Task description
Reproduce exactly, and only, the lines of the material below running from the line bearing "Close up of" through the line bearing "An old apartment". Leave any pictures out.

Dataset
/---

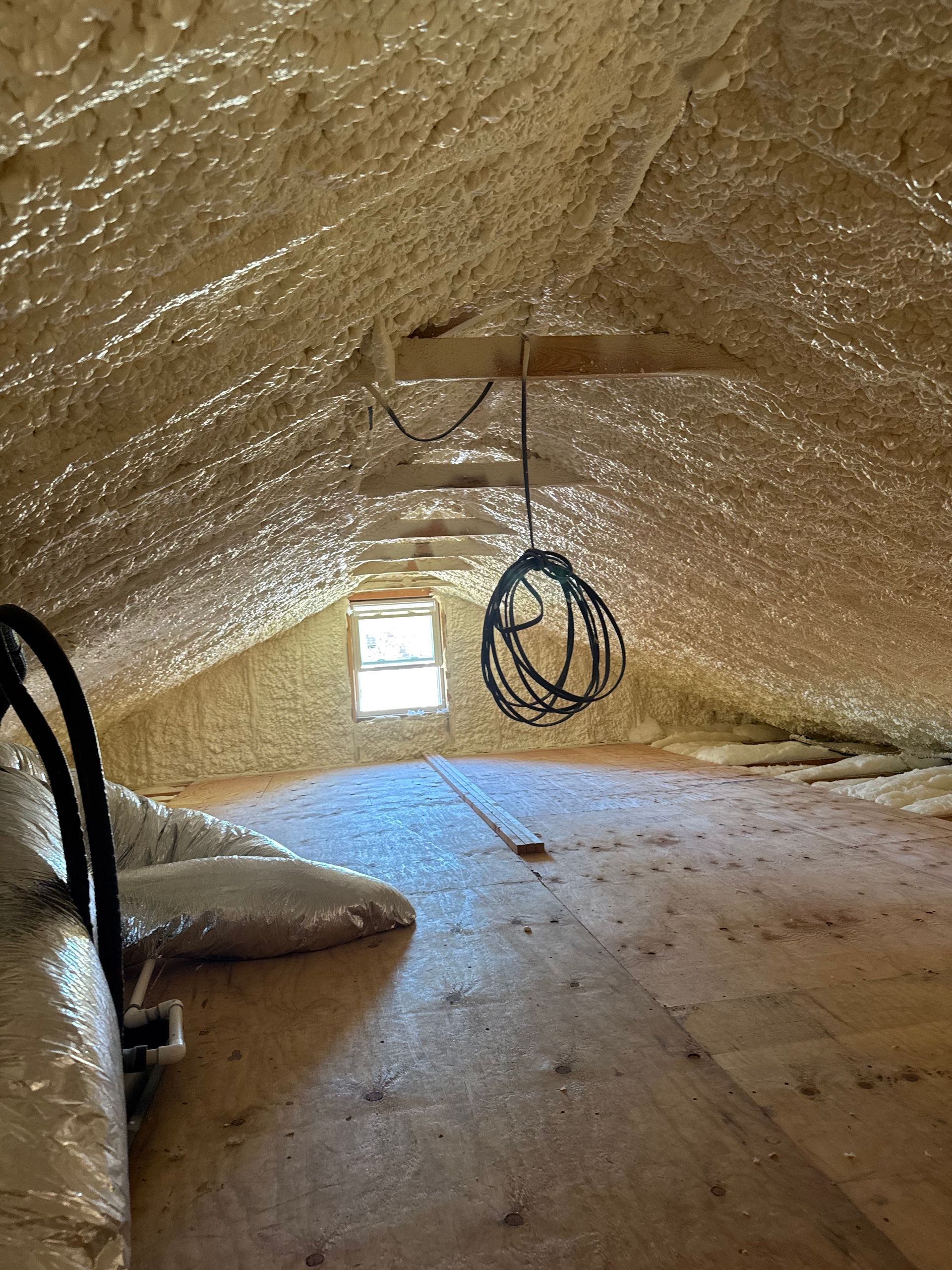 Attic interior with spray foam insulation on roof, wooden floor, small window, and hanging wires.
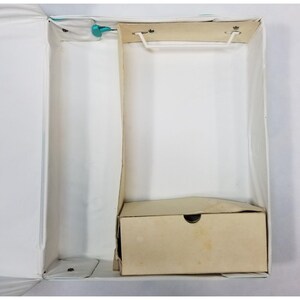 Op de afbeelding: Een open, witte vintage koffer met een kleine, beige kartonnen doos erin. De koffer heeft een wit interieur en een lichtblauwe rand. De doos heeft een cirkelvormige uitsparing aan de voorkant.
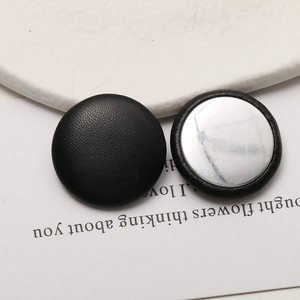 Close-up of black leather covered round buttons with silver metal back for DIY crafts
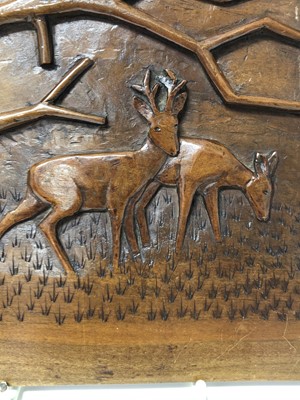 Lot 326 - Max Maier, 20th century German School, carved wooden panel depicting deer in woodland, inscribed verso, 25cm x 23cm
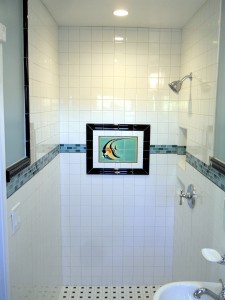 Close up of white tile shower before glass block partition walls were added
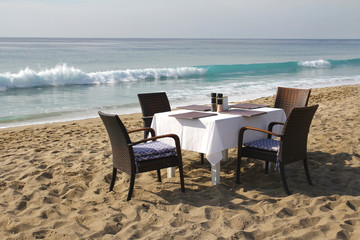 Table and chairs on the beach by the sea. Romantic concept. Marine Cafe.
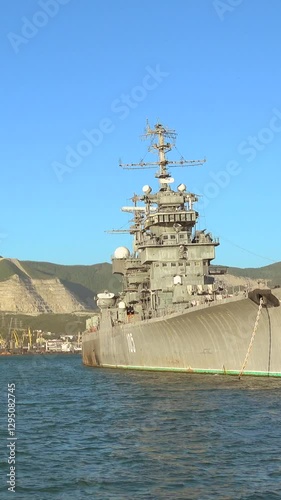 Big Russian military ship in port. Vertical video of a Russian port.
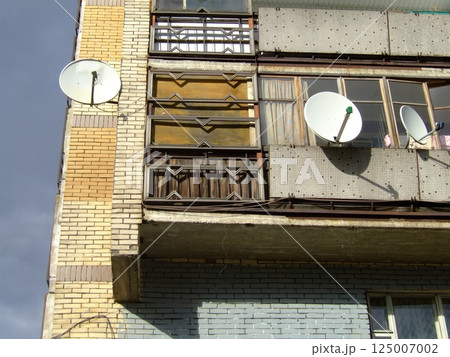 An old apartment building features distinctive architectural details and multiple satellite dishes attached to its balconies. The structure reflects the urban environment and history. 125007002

\---
/---

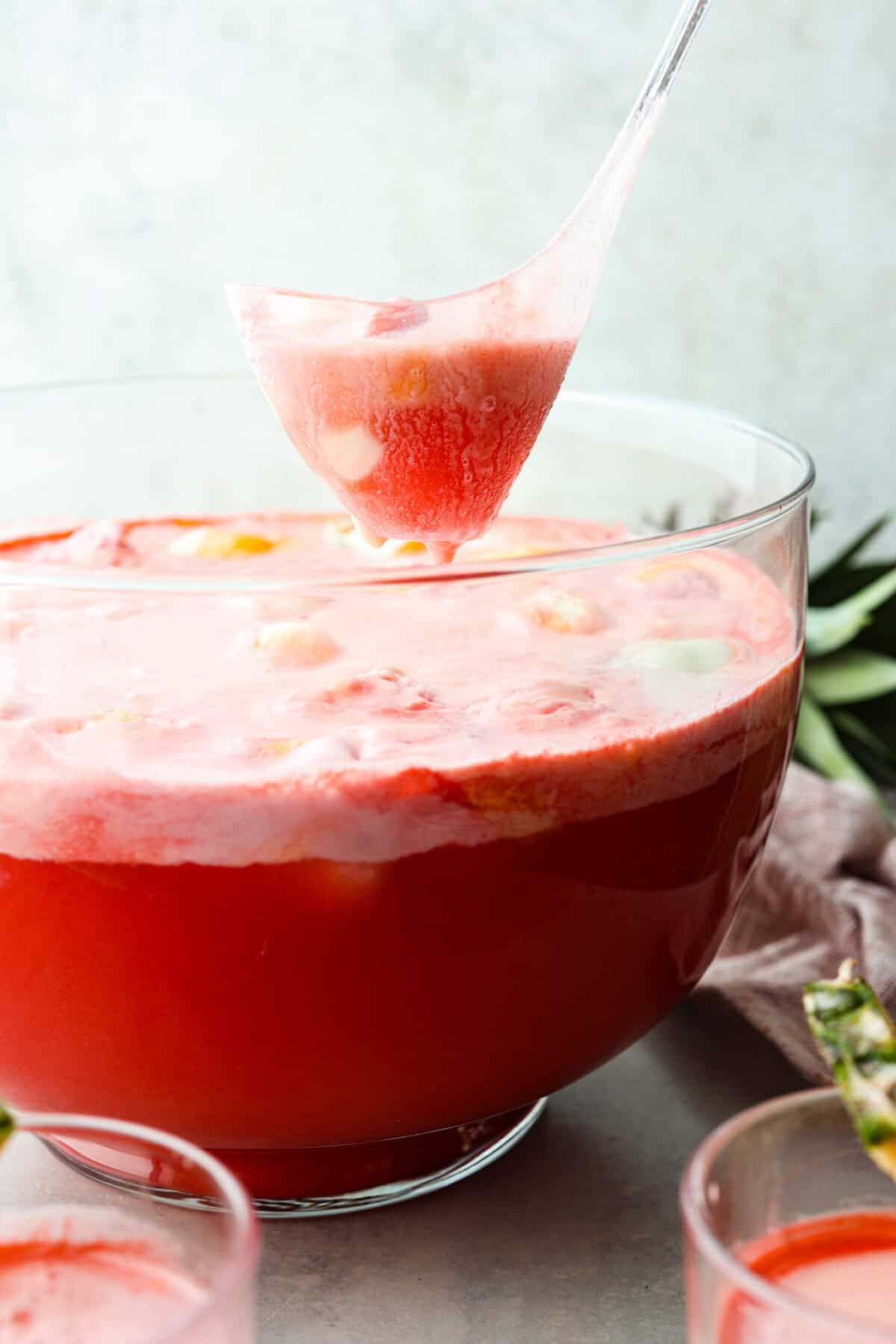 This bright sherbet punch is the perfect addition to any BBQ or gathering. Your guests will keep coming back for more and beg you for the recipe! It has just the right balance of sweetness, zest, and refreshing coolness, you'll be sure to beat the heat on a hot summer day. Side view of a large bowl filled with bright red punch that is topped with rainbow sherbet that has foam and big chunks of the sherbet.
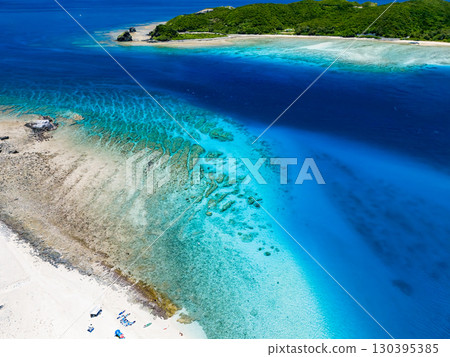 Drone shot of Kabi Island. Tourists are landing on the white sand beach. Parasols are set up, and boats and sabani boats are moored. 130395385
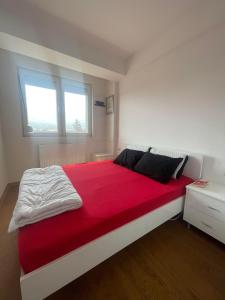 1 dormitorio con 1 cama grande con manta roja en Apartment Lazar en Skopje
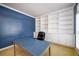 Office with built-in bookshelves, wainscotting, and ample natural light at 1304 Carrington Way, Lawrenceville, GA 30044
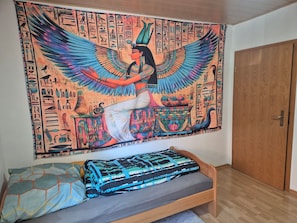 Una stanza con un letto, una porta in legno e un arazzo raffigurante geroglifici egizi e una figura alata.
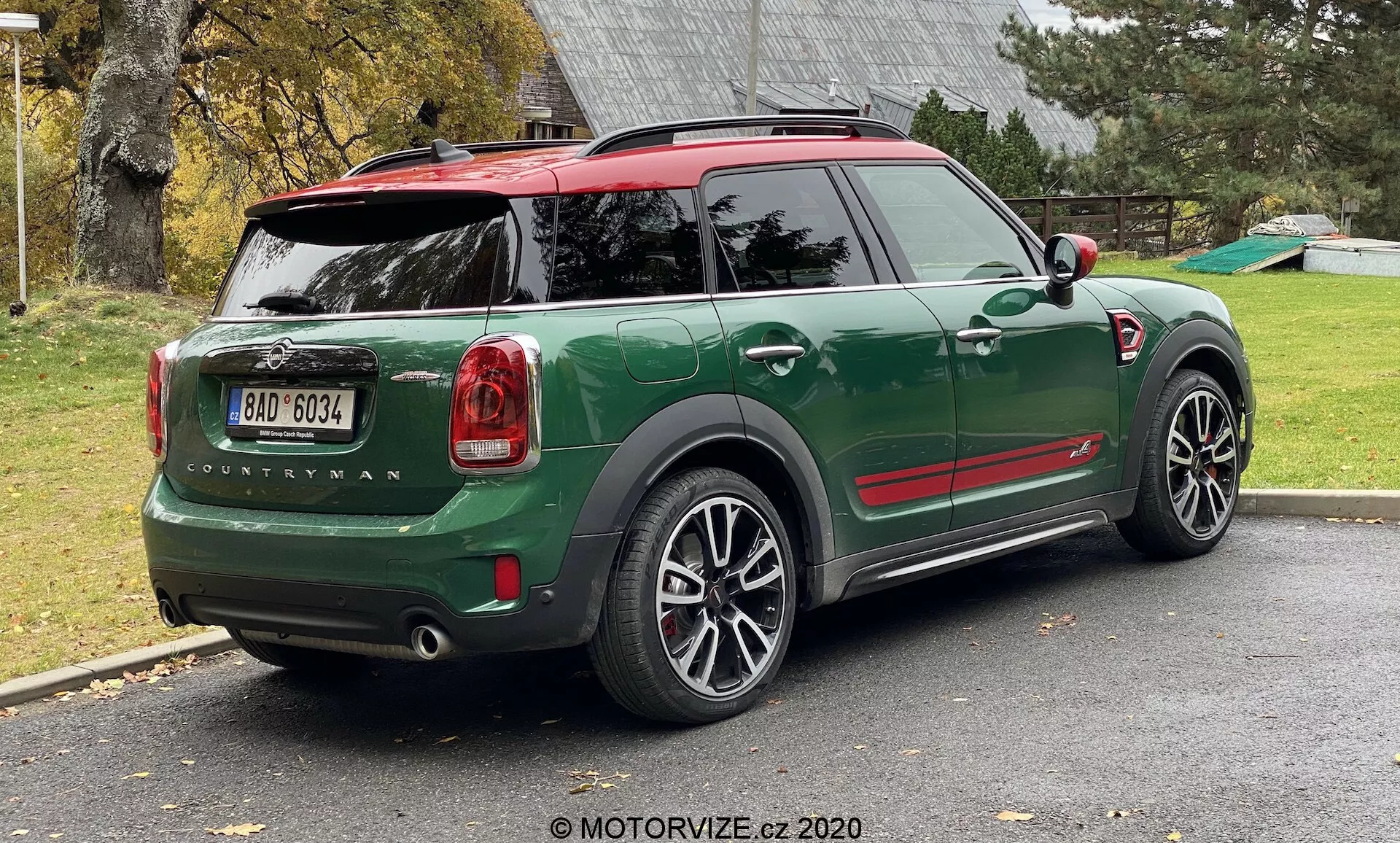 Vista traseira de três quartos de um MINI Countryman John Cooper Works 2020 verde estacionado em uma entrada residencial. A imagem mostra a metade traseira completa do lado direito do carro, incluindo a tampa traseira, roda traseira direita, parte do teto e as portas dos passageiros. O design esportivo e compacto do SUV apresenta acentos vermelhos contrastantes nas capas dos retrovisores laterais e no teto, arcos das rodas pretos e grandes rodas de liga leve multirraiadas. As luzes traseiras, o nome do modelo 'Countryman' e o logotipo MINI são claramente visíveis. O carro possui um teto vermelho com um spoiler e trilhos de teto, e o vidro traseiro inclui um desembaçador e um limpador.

\---
/---

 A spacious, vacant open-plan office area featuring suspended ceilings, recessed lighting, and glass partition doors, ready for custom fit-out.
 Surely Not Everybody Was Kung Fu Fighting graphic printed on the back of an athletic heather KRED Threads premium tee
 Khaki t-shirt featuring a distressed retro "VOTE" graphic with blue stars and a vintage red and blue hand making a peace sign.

\---

Output of the task
 Close up of white tile shower before glass block partition walls were added
 Table and chairs on the beach by the sea. Romantic concept. Marine Cafe.
 Big Russian military ship in port. Vertical video of a Russian port.
 An old apartment building features distinctive architectural details and multiple satellite dishes attached to its balconies. The structure reflects the urban environment and history. 125007002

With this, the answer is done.